Dans ce cas, des petites et moyennes entreprises commencent à souffrir de
l’arrêt et du ralentissement de l’activité, de l’absentéisme, du
raccourcissement du temps de travail, du ralentissement de l’activité bancaire,
douanière et administrative.
Les PME/PMI pourraient manquer de liquidité, arrêter leur plan d’investissement
et de recrutement pour 2011. Et on sait ce que cela aura comme impact sur
l’économie tunisienne, notamment sur les gens qui n’ont pas d’emploi, sur les
régions défavorisées…
A noter également qu’on veut réduire les prix, donc recourir davantage à la
compensation économique de plusieurs produits dont le prix augmente sur le
marché international, particulièrement pour le sucre, les céréales et les
hydrocarbures…
Déjà le FMI prévoit pour la Tunisie un taux de croissance pour 2011 de 2,8%,
alors que pour résoudre le problème du chômage, il faut au moins 8% de
croissance. Ce qui fait dire à certains spécialistes que la Tunisie pourrait
connaître 2 années difficiles. Sachant que le nombre de touristes sera en
baisse, et que l’agriculture serait affectée à cause d’une pluviométrie faible
cette année, du moins pour le moment.
L’arrêt du moins momentané de l’investissement direct étranger et le recul des
investissements, c’est une situation normale vu le traumatisme politique. Ceci
dit, il est impératif d’être vigilant pour ne pas prolonger la recréation; il
faut retourner au travail, arrêter de palabrer et d’analyser.

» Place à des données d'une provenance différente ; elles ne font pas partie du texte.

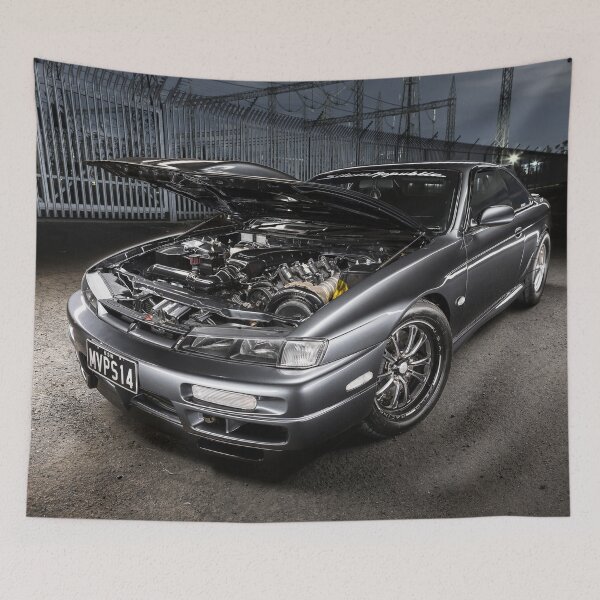 Item preview, Adel Khallouf's LS3-Powered Nissan S14 200SX Silvia designed and sold by HoskingInd.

Miser sur la société du savoir, intensifier la construction des pôles
technologiques, achever la mue politique et sociale par une mue économique,
changer d’époque, diminuer voire bannir l’affairisme, la contrebande, le système
mafieux, les passe-droits et croire en l’Entreprise.
Si la démocratie est une liberté qu’il faut sauvegarder, l’entreprise est le
bien le plus précieux à développer et à soutenir. Car, rien ne se fera sans
elle, ni emplois, ni prospérité, ni richesse.
La Tunisie perd chaque jour des emplois, ses avoirs en devises diminuent, le
risque-pays est à son maximum, ce qui limite sa capacité à recourir à l’emprunt
sur le marché international, dans un contexte mondial économique très perturbé
et en pleine crise, avec le prix du baril de pétrole qui tend vers les 100 Us
dollars, qui accentue le ralentissement de la croissance mondiale; et un dinar
en perte de vitesse…
Il est donc temps de reprendre le travail, et redéfinir nos priorités
économiques en mettant en place une stratégie de soutien pour l’entreprise, donc
pour l’emploi et la croissance.
Voilà le salut de la Révolution tunisienne.